Naymongo, Tanzania: Barrick Gold Corp's North Mara mine near the Tanzanian border with Kenya disgorges millions of pounds of waste rock each week, piled high around communities where almost half the people live on less than 33 cents (Dh1.2) a day.

Children in school uniforms scurry across the rubble to reach their classes. Women with water pails atop their heads skirt past the heaps. The piles grow as the longest bull market for gold in at least 90 years pushes Barrick, the world's largest miner of the precious metal, to increase production. Villagers, too, are hunting the ore on the North Mara land that their ancestors worked for decades, sometimes paying with their lives.

Security guards and federal police allegedly have shot and killed people scavenging the gold-laced rocks to sell for small amounts of cash, according to interviews with 28 people, including victims' relatives, witnesses, local officials and human-rights workers.

"They are not arresting them or taking them to court," said Machage Bartholomew Machage, a member of the Tarime District Council, the highest local government body. "They are just shooting them."

At least seven people have been killed in clashes with security forces at the mine in the past two years, according to the 28 people interviewed. In at least four cases, police acknowledged the shootings.

The dead include Mwita Werema, a father of four who was killed one day after gold set another record price in October 2009; Chacha Nyamakono, who was one year from becoming the first in his family to complete a basic education; and Daudi Nyagabure, shot in February, who was eager to build a future for his pregnant wife.

Fifteen people were seriously wounded in the same period, according to the Legal and Human Rights Centre, a human-rights group in the Tanzanian city of Dar-es-Salaam, and Machage, who was the district council vice chairman until August.

Toronto-based Barrick and African Barrick Gold, which is 74 per cent-owned by the Canadian miner, pay the Tanzanian government for federal police protection at the mine and employ private armed guards, according to company documents.

The violence at North Mara is a brutal dividend of gold prices that have risen almost three-fold in the past five years to a record $1,431.25 on December 7.

African Barrick said it frequently faces groups of intruders, often armed, who illegally enter the North Mara mine with the intent of stealing valuable ore.

Andrew Wray, head of investor relations for African Barrick, said in a written response that some thefts, vandalism and other incidents are the result of organised crime, in part stoked by transients in the border region.

The company declined to comment on the number of people killed or injured by security forces in the past two years. In some instances deaths and injuries were inflicted by other trespassers, not by the police or security and some incursions go deep into its mining areas, Barrick said. The Canadian company raised $872 million from the March 19 initial public offering in London of African Barrick.

"The villagers are human beings and so they would like to get the minerals, and the policemen do not want them to get to the minerals. If you tell them to leave, it's not easy to get them to leave," said Constantine Massawe, the commander of federal police forces at the mine and throughout the region.
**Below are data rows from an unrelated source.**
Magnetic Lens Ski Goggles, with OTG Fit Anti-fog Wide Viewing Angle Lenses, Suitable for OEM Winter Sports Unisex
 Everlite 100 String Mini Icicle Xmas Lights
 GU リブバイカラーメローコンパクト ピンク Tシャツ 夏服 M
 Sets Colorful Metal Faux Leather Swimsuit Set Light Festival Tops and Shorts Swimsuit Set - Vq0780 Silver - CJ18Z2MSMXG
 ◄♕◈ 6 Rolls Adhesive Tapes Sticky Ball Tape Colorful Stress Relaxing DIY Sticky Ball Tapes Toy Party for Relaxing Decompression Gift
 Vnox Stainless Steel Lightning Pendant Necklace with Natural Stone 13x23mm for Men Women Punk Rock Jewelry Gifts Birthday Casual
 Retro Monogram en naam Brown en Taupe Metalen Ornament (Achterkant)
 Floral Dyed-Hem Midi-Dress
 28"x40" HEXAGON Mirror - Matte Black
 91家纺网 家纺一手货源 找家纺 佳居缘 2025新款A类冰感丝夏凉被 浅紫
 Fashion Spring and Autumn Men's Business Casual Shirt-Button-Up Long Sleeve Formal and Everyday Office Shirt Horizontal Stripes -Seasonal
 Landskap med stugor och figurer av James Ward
Security at the mine, where there are four open pit deposits, escalated after a riot in December 2008, African Barrick has said. A group of people invaded one pit after it had been blasted for ore, burned $7 million of equipment and cost the mine several days of production. Police shot and killed one trespasser, Wray said.

John McKay, a Canadian member of Parliament who sponsored a defeated legislation this year that sought to sanction mining companies for human-rights abuses abroad, said he wasn't familiar with the North Mara mine and declined to single out specific operators.

Still, he said the profits delivered by gold's high prices are causing a "moral blindness" at some companies.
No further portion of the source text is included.